Southwest CEO Gary Kelly suggests leaders “model the culture: spending time with employees, treating people with respect, having fun, being there for them personally and professionally, and putting people first—with empathy, kindness and compassion.”
Establish and Enliven Core Values
Core values set the desired behaviors every member of the organization is expected to follow. When these behaviors are personified by leadership and rewarded by management, they help foster a distinct corporate culture that drives individuals toward better versions of themselves.
These values then serve to elevate individuals and drive higher performance throughout the organization, which gives everyone more pride in their work.
Invest in Supporting Higher Level Needs
This underlies virtually all effort towards cultivating employee engagement. Abraham Maslow foretold that organizations that push beyond supporting basic needs (paycheck, clean bathrooms, etc.) to encouraging higher level needs will have an unprecedented competitive advantage.
Higher level needs include the quest for knowledge, beauty, personal growth, and self transcendence (spiritual values). Compared to most organizations, Zappos does an exemplary job at this, offering their own in-house library and personal coaching to all of its employees.
Foster a Culture of Creativity and Innovation
When employees feel their ideas are valued, they will be more engaged. When they feel that their job is to merely follow their boss’s orders, they will disengage.
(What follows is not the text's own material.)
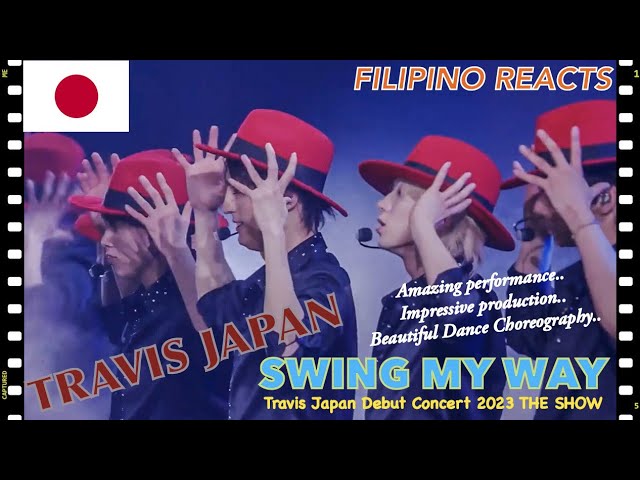 [REACTION] || 🇯🇵 Travis Japan - Swing My Way［Travis Japan Debut Concert  2023 THE SHOW～ただいま、おかえり～］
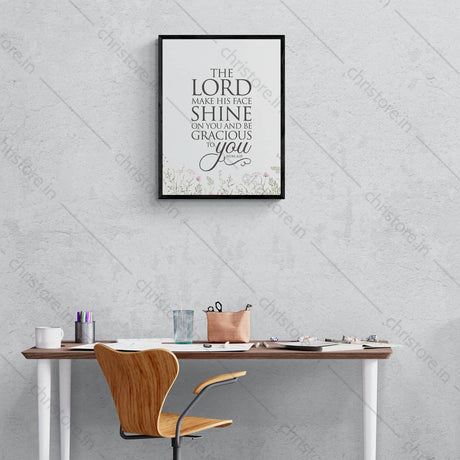 The Lord Make His Face Shine On You - Numbers 6:25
Brainstorming is an art. Start by acknowledging that everyone on your team has great ideas. Then, accept that it’s your responsibility to create an environment where these ideas can come forth openly and willingly without judgement, attack, or defense.
Establish and Reinforce an Inspiring Corporate Vision
An inspiring vision that moves people emotionally and provides them with a sense of purpose and direction helps unify the organization.
Confusion and distraction sap mental and emotional energy. Lower energy translates to disengagement. When your employees feel they have clear direction and clarity of purpose, their energy can be focused toward more productive work.
Support Recovery and Renewal
Cultures that place unreasonable demands on a person’s internal resources ultimately drain the energy of employees and create resentment toward management. Certainly, there are time-sensitive projects that demand a lot on an employee, but these projects should be followed up by periods of rest and recovery.
Organizations that expect immediate responses to email and text messages, for example, have unconsciously established cultures that foster distraction and prioritize immediacy over value creation.
Create Outstanding Products and Services
This might seem obvious, but it’s an important reminder: When employees feel pride about their organization and the products and services it provides, they are more likely to feel compelled to make their own unique contributions.
Encourage Self Leadership
Autonomy is one of the most powerful forces that motivates high performance. We all have an innate need to direct our own lives. When employees feel like they matter and that they have the freedom to contribute, there is no end to the extraordinary magic that can unfold.
Show that You Genuinely Care
All of the above support demonstrating care. But ultimately, on a one-to-one level, showing you care is an expression of your emotional intelligence. Greater emotional awareness enables you to have empathy and compassion for your people.
When your people feel like you and the organization care about them—that they matter as human beings—they will certainly reciprocate with inspiration and good work.
Ready for Your Leadership Challenge?
The purpose of your business is to create customers. To fulfill this purpose better than your competitors requires you to foster an organization of inspired, talented people who are engaged in their work.
How can you improve employee engagement in your organization? What immediate steps can you take this coming week?